Pouco antes da cena de coroação em O Discurso do rei, dirigido pelo inglês Tom Hooper, o arcebispo da igreja anglicana comenta ao lado do príncipe Albert, eminente rei George VI, numa das inúmeras tomadas em plongée, que o rádio é uma ‘Caixa de Pandora’. O microfone surge vilanesco e desfocado em primeiro plano, referendando uma espécie de ameaça invisível sugerida em outros momentos do filme. Por sua vez, a visão do príncipe quando se confunde com a da câmera tende a assumir a posição da criança que olha o adulto – o contra-plongée – uma visão insegura, espacialmente oprimida (ver imagem abaixo). Antes ainda, o pai de Albert, então rei George V, se refere ao rádio como um ‘aparelho diabólico’ e reflete que enquanto no passado, o rei só precisava parecer respeitável em seu uniforme e não cair do cavalo, agora era preciso invadir a casa das pessoas e cair-lhes nas graças. O ano da coroação é 1936, mesma data em que Walter Benjamin publicou numa revista francesa seu famigerado ensaio sobre a condição da arte na era de sua reprodutibilidade técnica, observando as metamorfoses no campo cultural a partir da ascensão e difusão dos meios de comunicação de massa. Na terceira década do século passado, a modernidade não era um traço de mudança relatada ou vilipendiada essencialmente pelos poetas, pintores e intelectuais da Belle Époque, mas uma potência densamente ramificada que vinha impactando ou tinha impactado a sensibilidade e a percepção de todos, aristocratas, burgueses e plebeus. Assim sendo, até os representantes das mais arcaicas das instituições precisaram se adaptar: deixaram o aspecto familiar monárquico tradicional para virarem uma espécie de empresa, deixaram de ser pessoas protegidas pela pantomima à distância, pela reverência absoluta e cega, para apostarem na posição de atores verborrágicos cuja pronúncia alcançaria o além-mar.
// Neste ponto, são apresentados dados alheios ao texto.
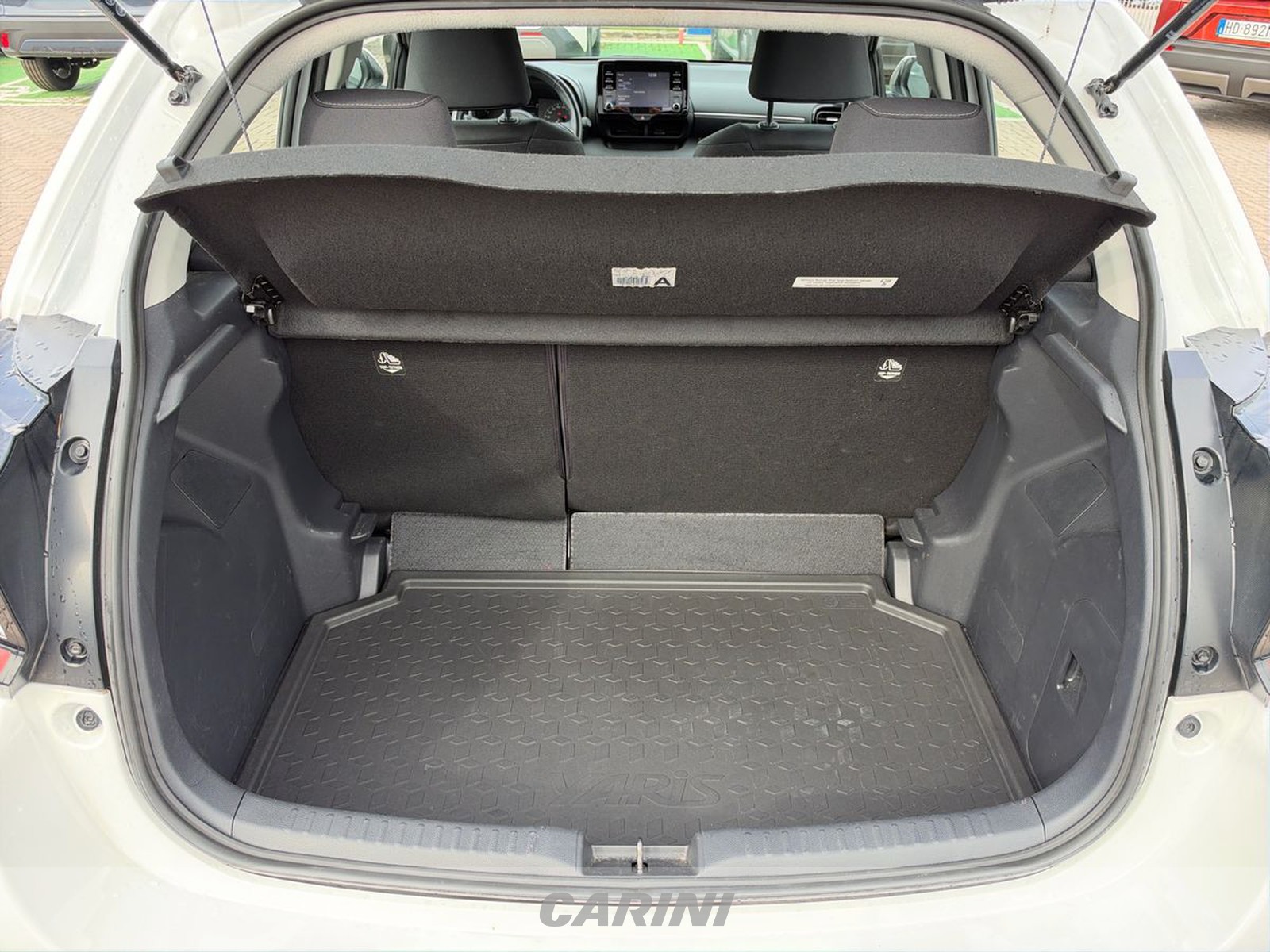 CARINI Toyota Yaris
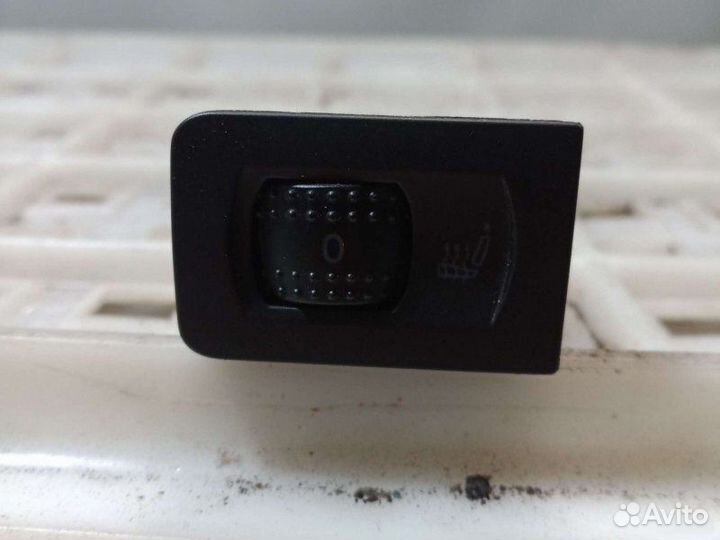 Кнопка подогрева сидений Volkswagen Jetta 4 2001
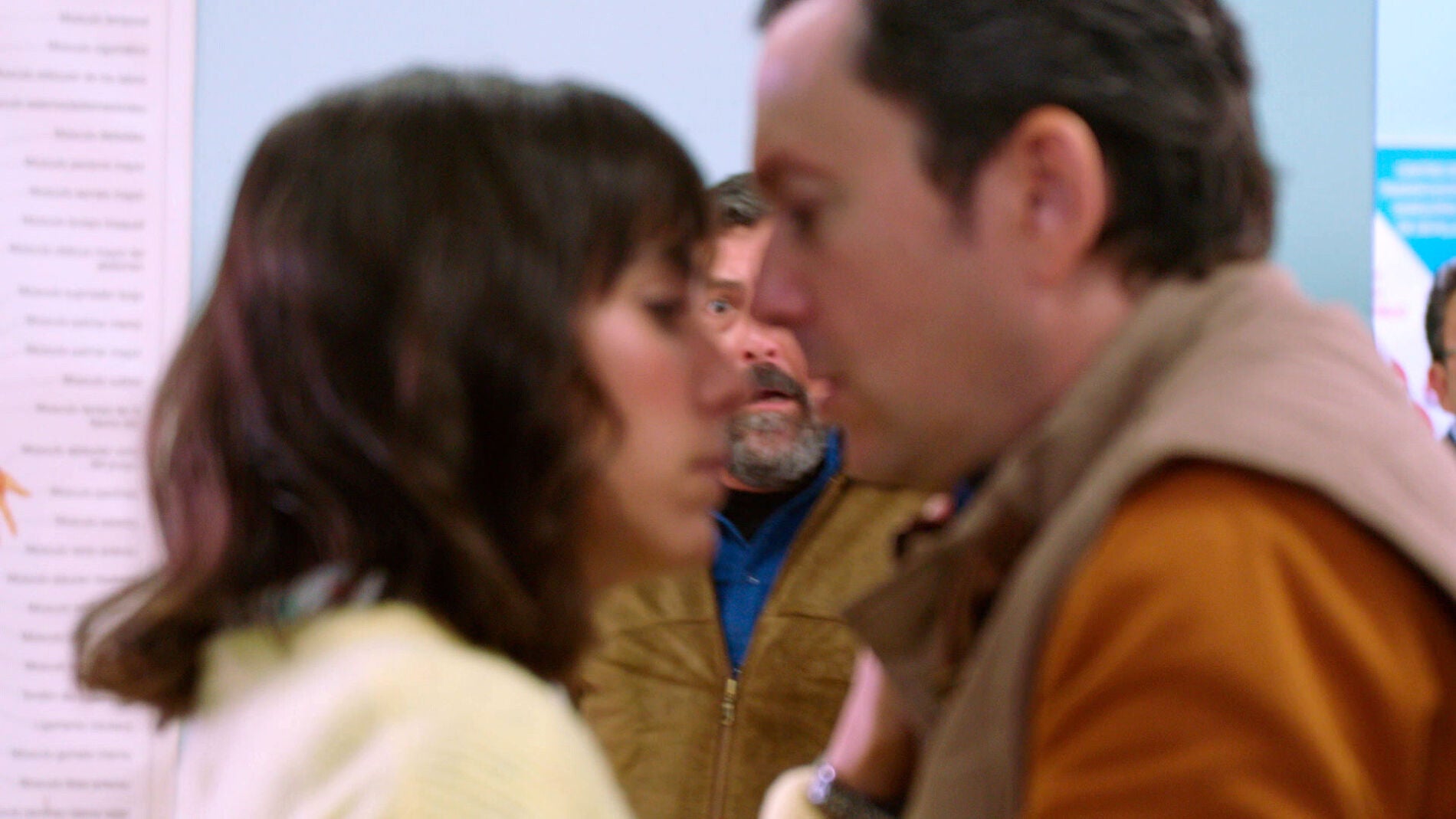 Crist&oacute;bal y Lola, interrumpidos al intentar resolver su tensi&oacute;n sexual 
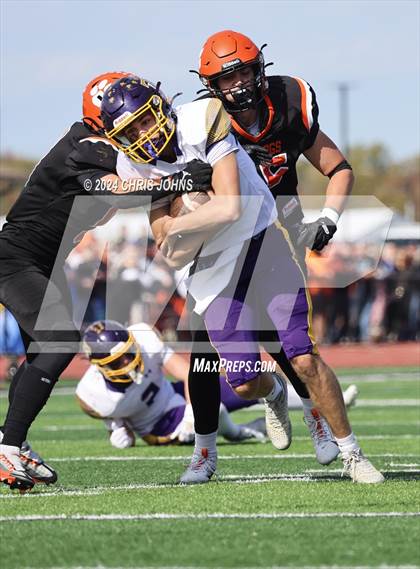 Thumbnail 3 in Taylorville @ Waterloo (IHSA 4A first round) photogallery.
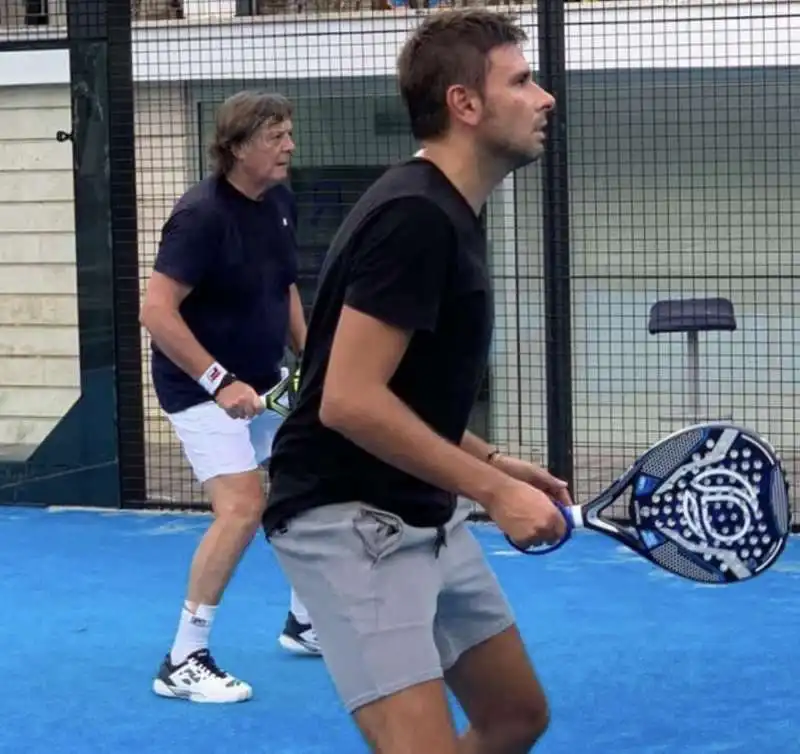 ADRIANO PANATTA E ALESSANDRO DI BATTISTA GIOCANO A PADEL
A formulação mítica do líder teve suas raízes técnicas profundamente modificadas, no entanto, em ambos os casos, para fortalecer os vínculos entre o monarca e os seus súditos, menos importam os atos e mais a desenvoltura política baseada na retórica. Ergue-se um paradigma cruel de mundo para qualquer pessoa pública que possua uma característica desviante da norma. Os risos vêm em seguida.

É nesse contexto que se desenvolve o drama do príncipe gago Albert: ao assumir o trono, terá que fazer algumas aparições e discursos, com a inevitável irrupção da guerra, terá que declamar com todo vigor da superação, o motivo do título do filme. A história de Pandora sempre esteve envolvida numa diferença de interpretação: depois de não conseguir se desfazer do presente de Zeus, a mulher talhada por Hefesto deixa que Epimeteu, consumido pela curiosidade, abra a caixa e liberte todos os males e crimes; arrependido, tenta fechá-la, conseguindo aprisionar apenas a esperança. Resta a dúvida: por estar dentro da caixa, a esperança seria também um mal? Para os filmes de superação tão aclamados em Hollywood, não. Seguindo essa linhagem, O Discurso do Rei não dispensa os recursos padrões do cinema clássico, o som emulando emoções das personagens e dos espectadores, um discreto zoom no rosto do rei ao ver uma filmagem de Hitler, mostrando sua apreensão e nos causando calafrios. No entanto, mesmo que exista um inchaço de clichês cinematográficos, presente até no ritmo da montagem, todos são elegantemente bem executados. Os velhinhos do Oscar choram. O conjunto se torna mais firme pela aposta nos – não raros e extremamente belos – planos usando grandes angulares, que dão uma circularidade charmosa aos enquadramentos (ver ambas as imagens) e, claro, pela aposta no talento dos atores, responsáveis por tornar o redundante encontro afetivo entre celebridade e anônimo que compartilham de um sentimento de inadequação, numa bela prova de que as pessoas estão mais dispostas a se conhecerem quando ambas caminham desajeitadamente perto de um abismo. Colin Firth e Geoffrey Rush, o primeiro como rei gago na iminência de fazer um discurso para a nação, o segundo como terapeuta de distúrbios da fala cuja técnica principal é o contato emotivo, fazem valer a tradição britânica – meio inglesa, meio australiana, fuck, fuck, fuck – da atuação, comparável no filme com uma aula de dança, o máximo de um dependendo sempre do máximo do outro, cada qual respeitando o solo do companheiro, como um par bailando de modo exímio transpassando patamares sem perder em cada um deles o tom ideal. Há um respeito mútuo que rompe os limites da diegese.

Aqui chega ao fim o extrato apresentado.